= In the Vineyard =

American-Canadian film series

In the Vineyard is an American-Canadian film series starring Rachael Leigh Cook and Brendan Penny. It airs on Hallmark Channel. The series debuted with the first of three films, Autumn in the Vineyard, premiering in 2016. The second installment in the series, Summer in the Vineyard, debuted in 2017. The third and final installment, Valentine in the Vineyard, aired around Valentine's Day 2019. The films follow the story of Francesca (Frankie) Baldwin and Nate DeLuca from feuding wineries in the town of St. Madeleine, California, as they are thrown together after their past romantic relationship that ended on a sour note.

The film series is based on the St.
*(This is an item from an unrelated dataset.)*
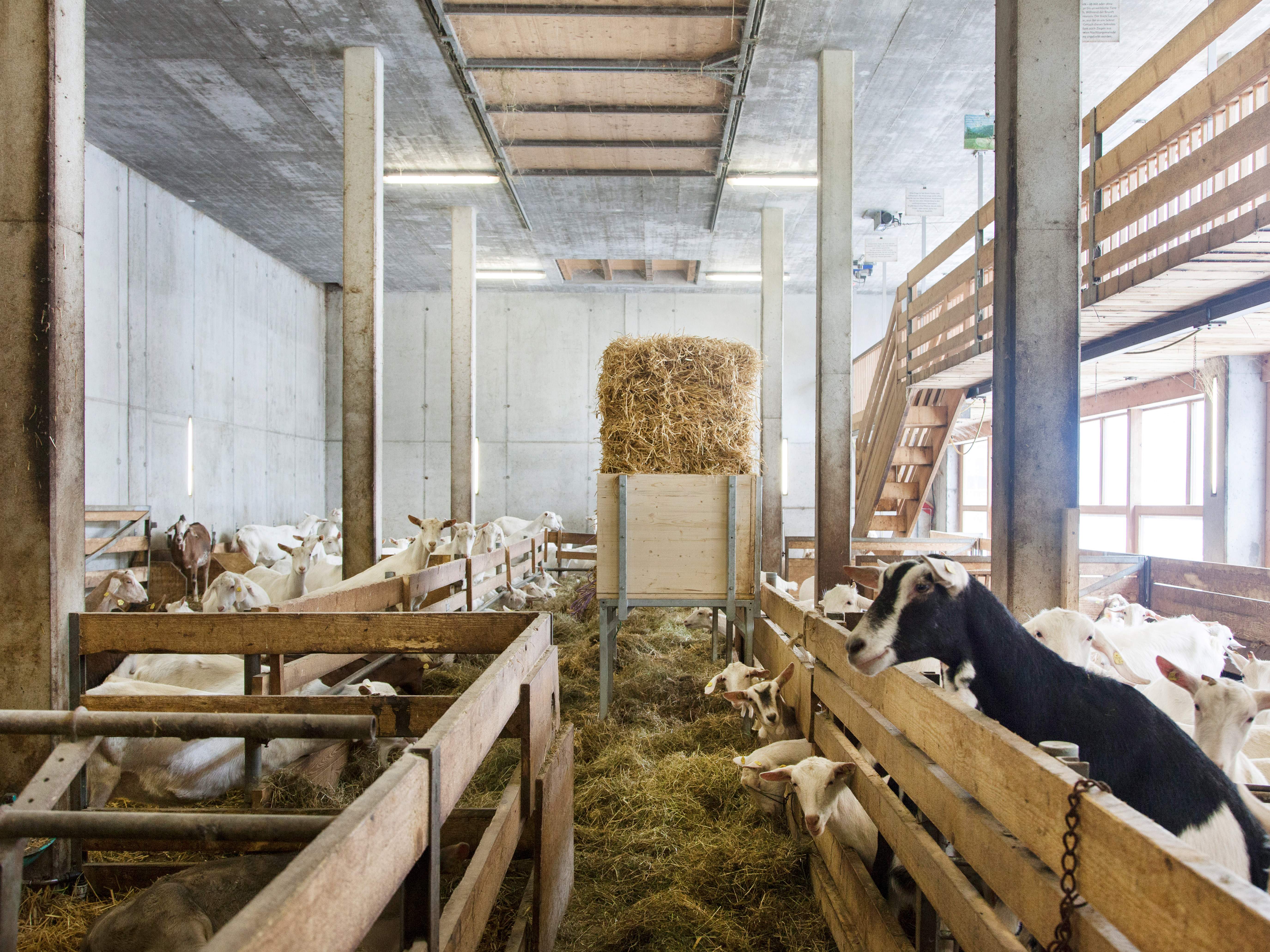 bruggan-goat-barn-127.jpg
Helena Vineyard books by author Marina Adair.

==Cast==
- Rachael Leigh Cook as Frankie Baldwin, a talented winemaker who has helped her father at the Baldwin family winery and sets out to make a mark for herself
- Brendan Penny as Nate DeLuca, a budding chef who returns to use his college education to manage grape crops in a winery in his hometown
- Laura Soltis as Carla DeLuca, matriarch of the DeLucas and Nate's mother
- Michael Kopsa as Charles Baldwin, patriarch of the Baldwins and Frankie and Jonah's father. Tom Butler previously played the character in the first film.
- Jeremy Guilbaut as Jonah Baldwin, the local police officer and Frankie's brother
- Marcus Rosner as Marco DeLuca, Nate's brother and manager at the DeLuca winery
- Ali Liebert as Hannah, Frankie's best friend and confidante and Marco's ex
- Tegan Moss as Lexi, Frankie's cousin and a baker who moves to town and catches Marco's attention

==Production==
The first film was shot in River Stone winery near Oliver and Osoyoos in the South Okanagan Valley in British Columbia. The second installment of the film series, Summer in the Vineyard, was also shot in Okanagan Valley.

==Films==

| No. | Title | Directed by | Written by | Original release date |
| 1 | "Autumn in the Vineyard" | Scott Smith | Marina Adair, Suzette Couture | October 8, 2016 |
Frankie Baldwin has been working on her family winery but wants to do something of her own. When her father, Charles, hires an outsider to help out at the winery, on an impulse she buys the Sorrento farm from a friend who is in the middle of a divorce. It is only after the purchase that she finds out that she actually co-owns Sorrento with her former boyfriend and recently back-in-town Nate DeLuca who comes from the DeLuca winery. The two are forced to reach a compromise and decide to co-manage the property to bring in the harvest leading up to the Best Wine competition at the annual Autumn Harvest Festival.
| 2 | "Summer in the Vineyard" | Martin Wood | Marina Adair, Julie Sherman Wolfe | August 12, 2017 |
As their first year at Sorrento Farms is coming to a close, Frankie and Nate are looking forward to debuting their first vintage wine during the town's annual 'Summerfest' celebration. When the host winery for Summerfest pulls out at the last minute, Nate volunteers Sorrento to replace them, thinking it will be great publicity for their fledgling operation. Frankie, however, is more concerned with whether she can have their first Cabernet ready on time. The pressure is on them both to make a big splash for Sorrento at Summerfest to ensure the viability of their winery going forward. These two headstrong paramours are about to find out if you really can mix business with pleasure.
| 3 | "Valentine in the Vineyard" | Terry Ingram | Rick Garman | February 2, 2019 |
Nate proposes to Frankie who happily accepts but they are forced to keep it a secret when Lexie and Marco unexpectedly announce they're marrying on Valentines Day. Worried about the loan they took to expand Sorrento, Nate and Frankie decide to put any wedding plans on hold as they tend to their vines concerned that they may bud too soon and cause them heavy financial losses. As they help Lexie and Marco plan their wedding, they face some challenges in their own engagement while trying to prepare a surprise for one another.